Salah satu materi yang diujikan adalah materi insya’ (mengarang) bahasa Arab. Pada ujian itu, setiap murid diharuskan menulis kalimat perpisahan untuk kepala sekolah, guru, dan murid-murid lainnya. Aku pun menyampaikan kalimat perpisahan di hadapan seluruh guru dan murid-murid pada acara perpisahan sekaligus berakhirnya tahun ajaran periode itu. Pada acara itu, aku sampaikan ucapan terima kasih untuk kepala sekolah yang selama ini tampil sebagai teladan bagi setiap guru dan siswa. Aku masih mengingat, jika ada seorang siswa atau guru bertemu dengan kepalas sekolah, ia akan segera berdiri sejenak sebagai ungkapan hormat sebagaimana yang dilakukan oleh para tentara saat berhadapan dengan komandannya.
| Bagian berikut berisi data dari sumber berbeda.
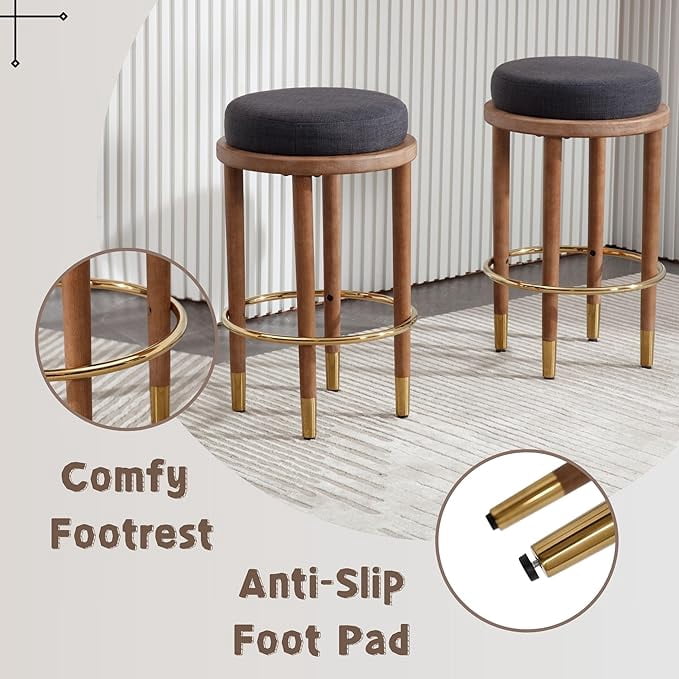 Guyou 26" Backless Counter Height Bar Stool Set of 2, Modern Round Linen Upholstered Stools, Farmhouse Wooden Kitchen Island Chairs for Restaurant Kitchen Bistro, Charcoal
Aku juga mengucapkan terima kasih yang terhingga untuk guru-guru yang selama ini menjalankan tugas dan tanggung jawab mereka sebagai seorang pendidik. Bahkan, mereka pun memberikan pelajaran tambahan setelah pelajaran sekolah berakhir. Salah seorang dari mereka dalah Ustadz Mahmud Abu Naja, guru bahasa Arab, yang tidak lama kemudian diangkat menjadi dosen di Fakultas Kepolisian. Ia juga dipilih oleh Syadzali Pasha, Direktur Wilayah Kelautan saat itu, untuk mengajar bersamanya di fakultas tersebut.
Ustadz Mahmud Abu Naja adalah seorang penyair hebat pada masa itu. Sebagian besar syair-syairnya menceritakan tentang wilayah Rasyid. Demikian pula dengan Ustadz Syihab, guru bahasa Inggris yang memiliki sumbangsih cukup besar dalam kehidupan sosial di Rasyid. Ia juga menyertakan rangkaian bait syairnya, yang menceritakan tentang keindahan Rasyid, yang saat ini disebut dengan syair Rasyid.
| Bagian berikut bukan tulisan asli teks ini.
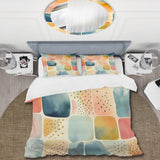 Orange Fun Pattern Of Shapes III - Duvet Cover Set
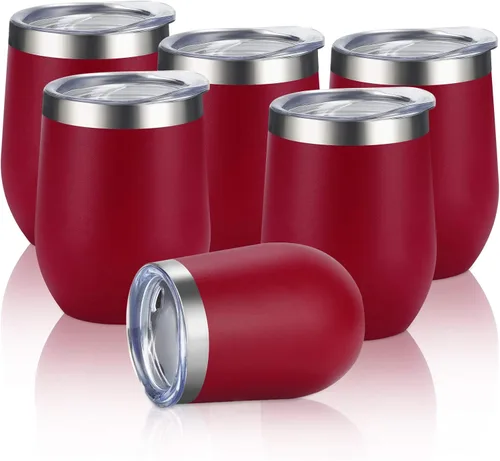 Miniatura 7 de Vaso de vino de acero inoxidable de 12 oz, doble pared con aislamiento al vacío con tapa y pajita, vaso de vino sin tallo de acero inoxidable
Demikian pula dengan Syekh Abdul Qadir, guru bahasa Inggris, yang sangat peduli terhadap perkembangan siswa-siswanya. Ia terkadang membawa kami ke Masjid (Al-Musyayyad bin Nuur). Di sana, beliau mengajarkan cara berwudhu dan cara shalat kepada kami. Beliau pun mengimami kami saat melakukan shalat wajib.
Sementara itu, Ustadz Ali Al-Buhtaimi, guru geografi, adalah orang yang memberikan teladan dalam kebersihan, kedisiplinan, akhlak mulia, dan lainnya.